March 26, 2014, 9:30 am -

Geneva History Museum
543 South Main Street
Geneva, NY 14456

Nationally-syndicated radio show host Michael Lasser will present the first lecture of the Geneva Historical Society’s Spring Lecture Series on March 26, 2014. The program, “America's Songs: The Great American Songbook,” will be held at the Geneva History Museum at 7:30 p.m.

In conjunction with the recent publication of his latest book, America’s Songs II: From the 1890s to the Post-War Years, Michael Lasser will speak about the Great American Songbook, that unequaled body of song written during the first half of the twentieth century when Irving Berlin, the Gershwins, Cole Porter, and their contemporaries were at the height of their powers. The composers and lyricists of the Great American Songbook combined rich melodies, sophisticated, and smart rhythms with lyrics derived from the slangy vitality of American speech. They also pulled off two unlikely tricks: writing songs that sounded both familiar and fresh at the same time, and that combined sentiment and wit in a single lyric. Lasser weaves history and anecdote to give insight into what our greatest songwriters achieved and how they did it. Entertaining anecdotes about famous and forgotten songwriters alike shed light on the hard work, intelligence, intuition, and good luck that combine to make a good song. Michael Lasser talks about how they did it, song after song after song.

Following his talk, Lasser will take questions and sign copies of his book, which will be available for purchase.

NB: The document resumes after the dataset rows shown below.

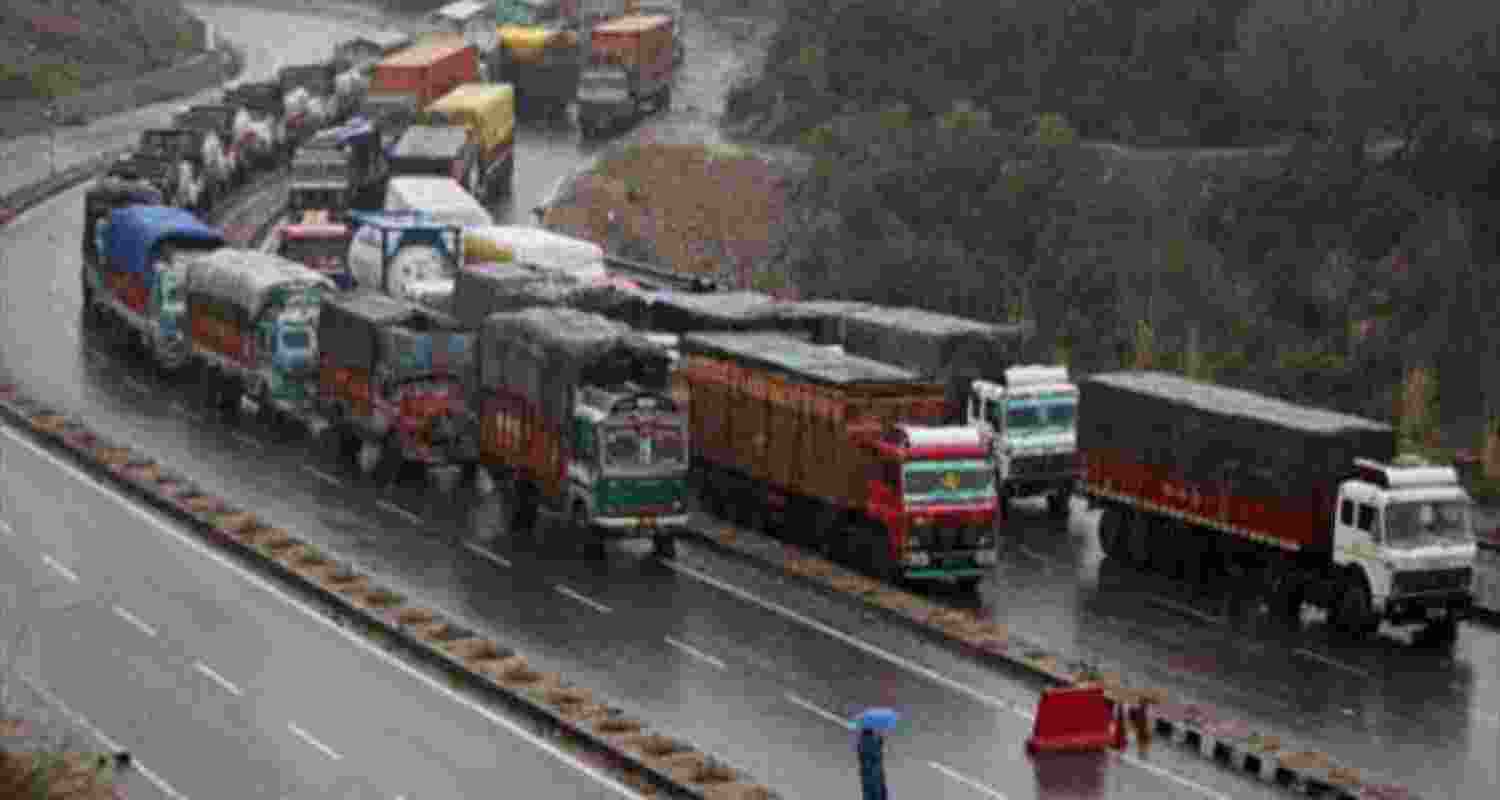 Landslide disrupts traffic on Jammu-Srinagar NH at several points Landslide disrupts traffic on Jammu-Srinagar NH at several points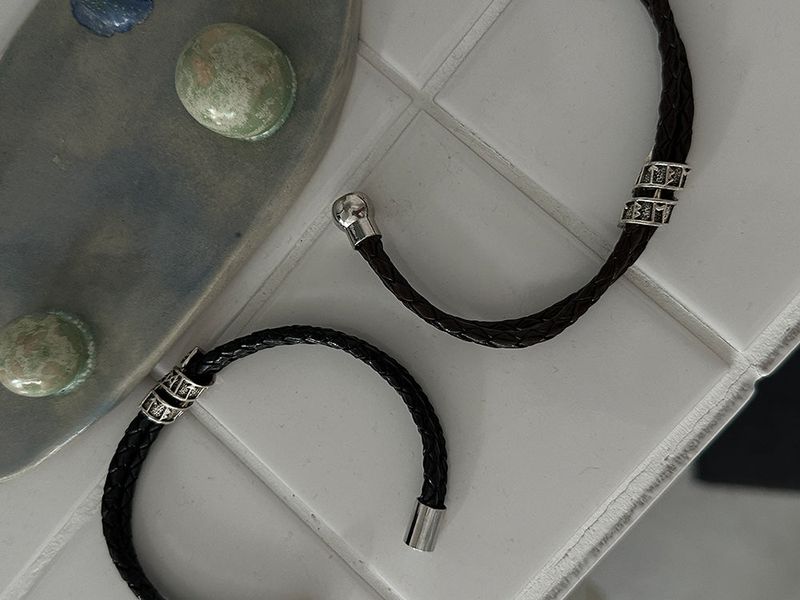 ASCLO（エジュクロ）の「ASCLO Magnetic Leather Bracelet (2color)（Accessories）」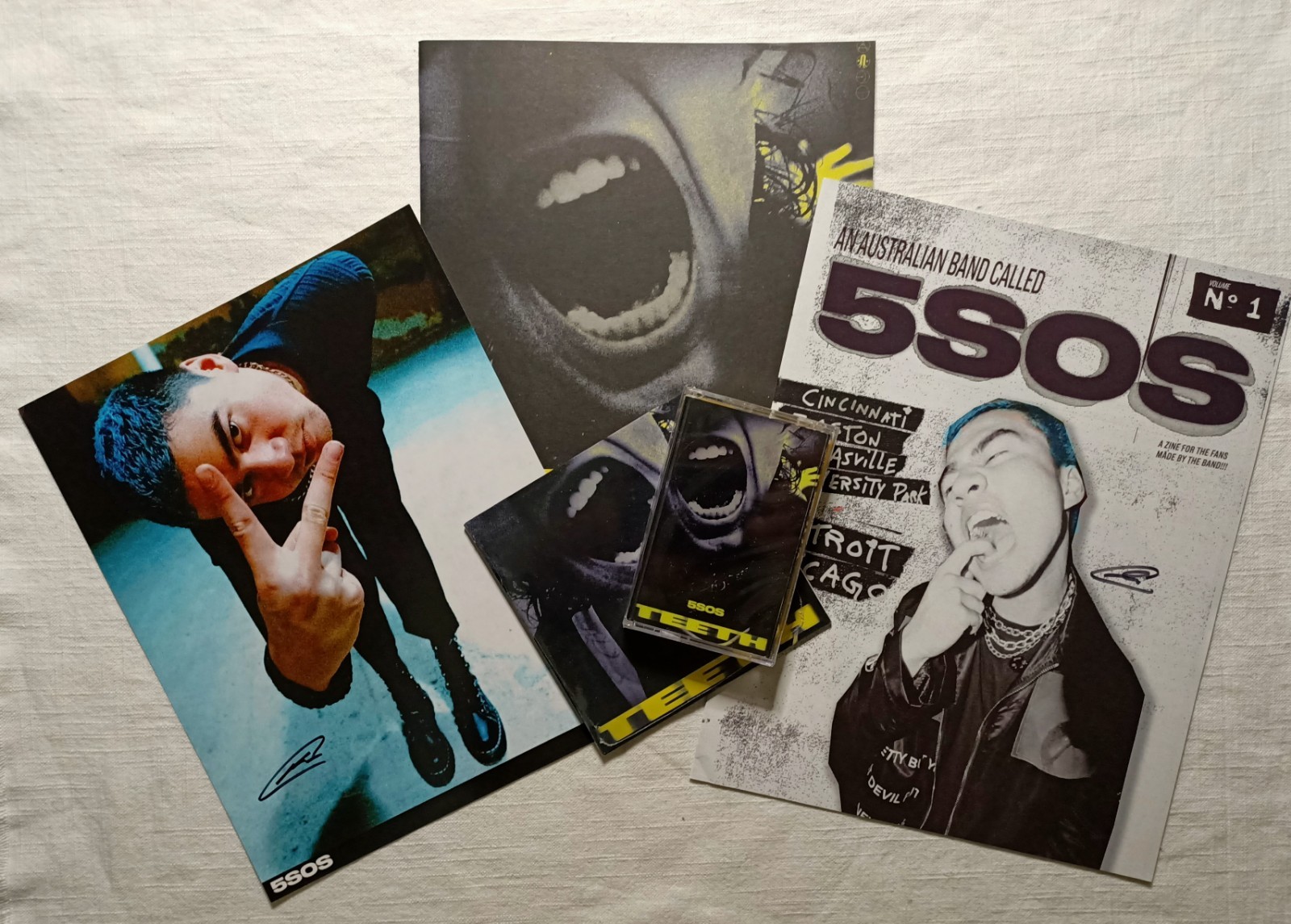 Autographed 5SOS 5 Seconds Of Summer Calum Hood Photo + CD  Teeth + Book + CD + 
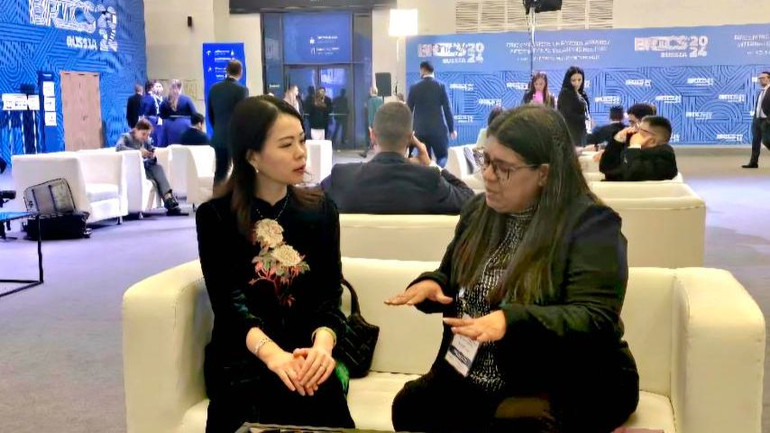 Thứ trưởng Ngoại giao Nguyễn Minh Hằng gặp Thứ trưởng Ngoại giao Venezuela.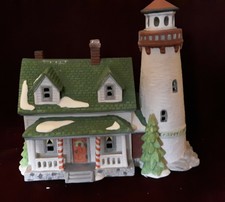Department 56 New England Village Series "Craggy Cove Lighthouse"
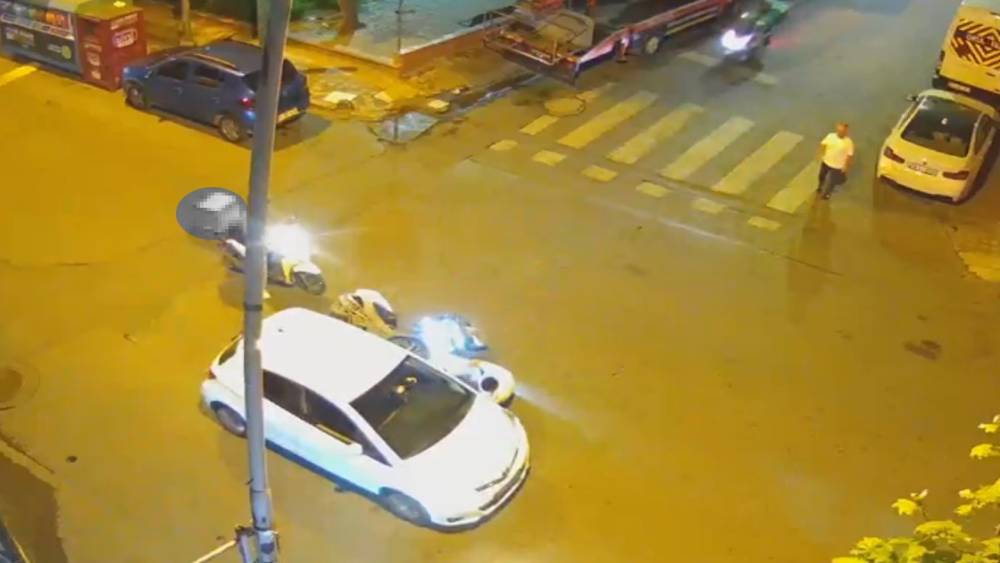Bah&ccedil;elievler&rsquo;de motosiklet s&uuml;r&uuml;c&uuml;s&uuml;n&uuml;n ani hareketi kazaya yol a&ccedil;tı
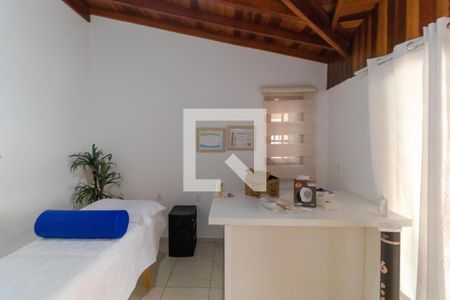 Casa à venda com 350m², 5 quartos e 8 vagasSala de  apoio da Churrasqueira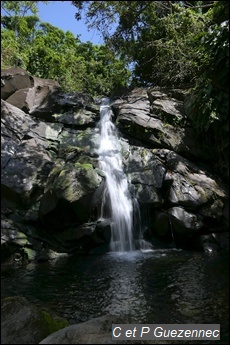 Cascade de 8 m sur la rivière La Coulisse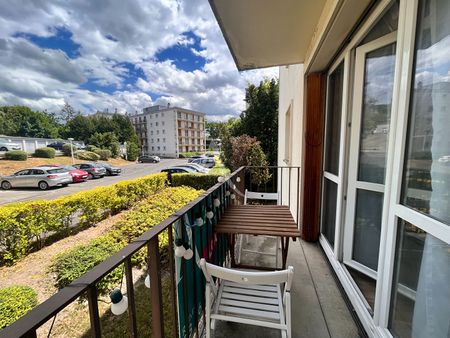 Location Appartement 1 pièce 32m² - Photo 3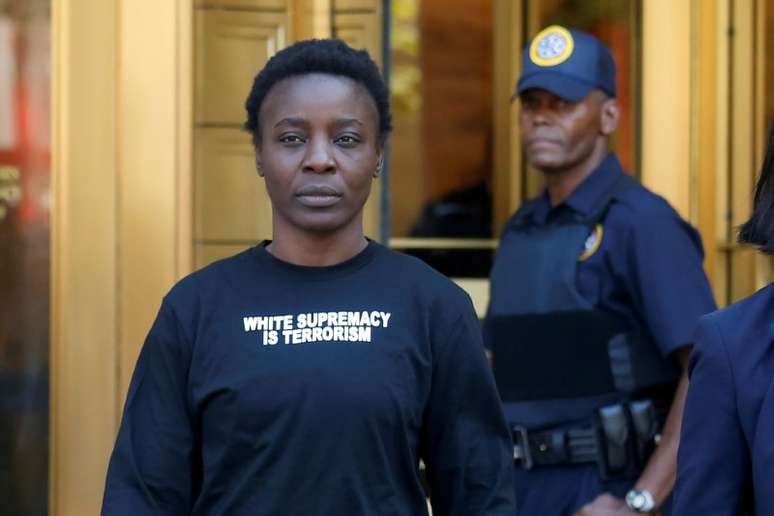 Patricia Okoumou deixa tribunal federal ap&oacute;s audi&ecirc;ncia um dia ap&oacute;s escalar a Est&aacute;tua da Liberdade para protestar contra pol&iacute;ticas de imigra&ccedil;&atilde;o, em Manhattan, Nova York
05/07/2018
REUTERS/Shannon Stapleton 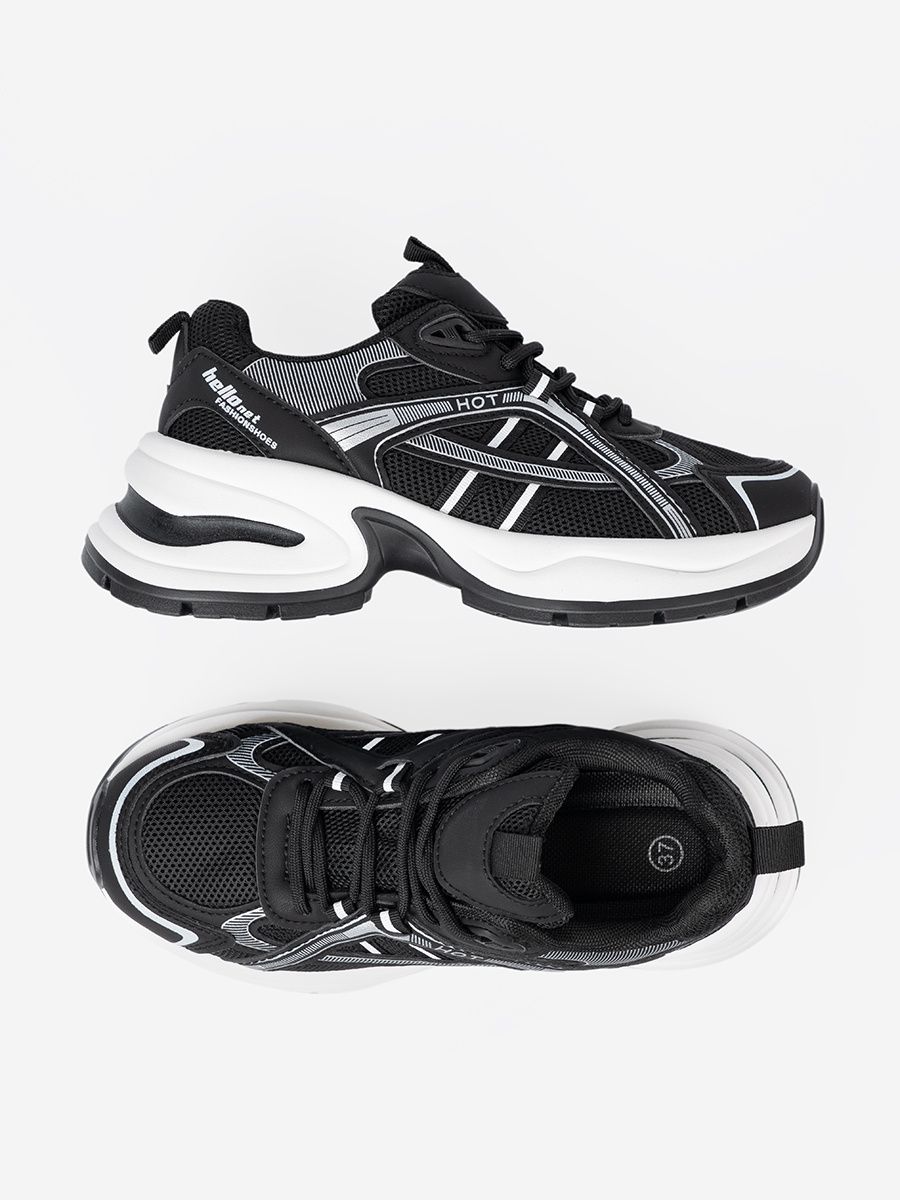 Fekete színű sneaker cipő szellős felsőrésszel és masszív fehér talppal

Michael Lasser is a lecturer, writer, broadcaster, critic, and teacher. He is the author of America’s Songs II: From the 1890s to the Post-War Years (2013), a companion volume to his and Philip Furia’s America’s Songs: The Stories Behind the Songs of Broadway, Hollywood, and Tin Pan Alley (2006). Since 1980, he has been the host of the nationally syndicated public radio show, Fascinatin’ Rhythm, winner of a 1994 Peabody Award. A graduate of Dartmouth College, he is the former theater critic for The Rochester Democrat & Chronicle and CITY Newspaper, and for 30 years has spoken at museums and universities around the country. In 2010, he was named a Thomas P. Johnson Distinguished Visiting Scholar at Rollins College. He is currently at work on a third book, The Song Is Us: Love, Lyrics & American Life, 1900-1950.